Do ekipy Antalyasporu Lukas Podolski przychodzi z jasnym zadaniem. Doświadczony napastnik ma pomóc drużynie w utrzymaniu się w najwyższej klasie rozgrywkowej. Zespół zajmuje obecnie szesnaste miejsce w tabeli ze stratą jednego punktu do bezpiecznego miejsca. Bez wątpienia, problemem klubu jest formacja ofensywna. Do tej pory, Antalyaspor zgromadził na swoim koncie piętnaście bramek w osiemnastu meczach. Najlepszym strzelcem klubu był Serdar Ozkan, który niedawno opuścił szeregi ekipy. 33-latek zgromadził na swoim koncie trzy trafienia.
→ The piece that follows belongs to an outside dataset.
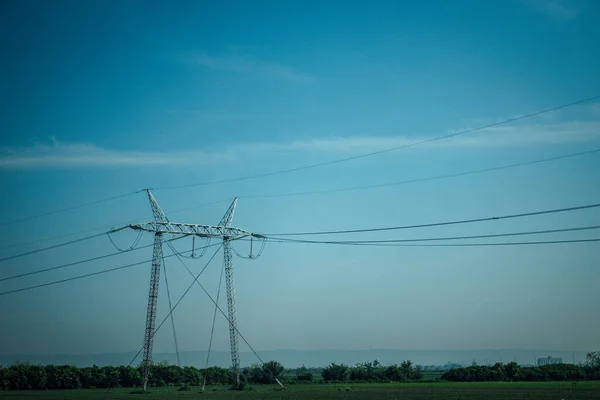 Campos Cultivos Junto Carretera — Foto de Stock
Wraz z Adisem Jahoviciem (innym, nowym nabytkiem), Lukas Podolski ma zapewnić drużynie pewną liczbę goli. W rozmowie z Piotrem Koźmińskim dla „Super Expressu”, Podolski wytłumaczył, dlaczego wybrał akurat ten turecki zespół – Bo zaoferował najlepszy pakiet. Ich działaczom bardzo na mnie zależało. Przylecieli do Japonii, przylecieli do Kolonii. OK, w lidze nie stoją najlepiej, ale mają nowy stadion, dobre centrum treningowe, nowego prezesa, zrobili kilka ciekawych transferów. Ja lubię wyzwania, walkę, lubię się o coś bić. Dlatego tu jestem, żeby ich podźwignąć. Generalnie mam wielu znajomych Turków, znam ten kraj, bo już tu grałem, w Galatasaray. Antalya to bardzo fajne miasto. Tych plusów było wiele.

Podolski zdradził także, iż miał na stole pięć ofert, w tym propozycje z Flamengo, meksykańskiego klubu oraz zespołu MLS. Nie zabrakło również zapytania o Górnik. Lukas oznajmił, że pojawiły się temat przeprowadzki do ekstraklasy – Rozmawialiśmy, to znaczy było kilka rozmów przez telefon. Ja sobie drogi do Górnika nie zamykam. Nie prowadziłem żadnych gierek z działaczami z Zabrza, z Arturem Płatkiem, bo to z nim najczęściej rozmawiałem. Mówiłem uczciwie, że się zastanawiam nad grą w Górniku, ale podkreślałem, że mam też inne oferty, że wybiorę to, co w danym momencie będzie najlepsze dla mojej rodziny.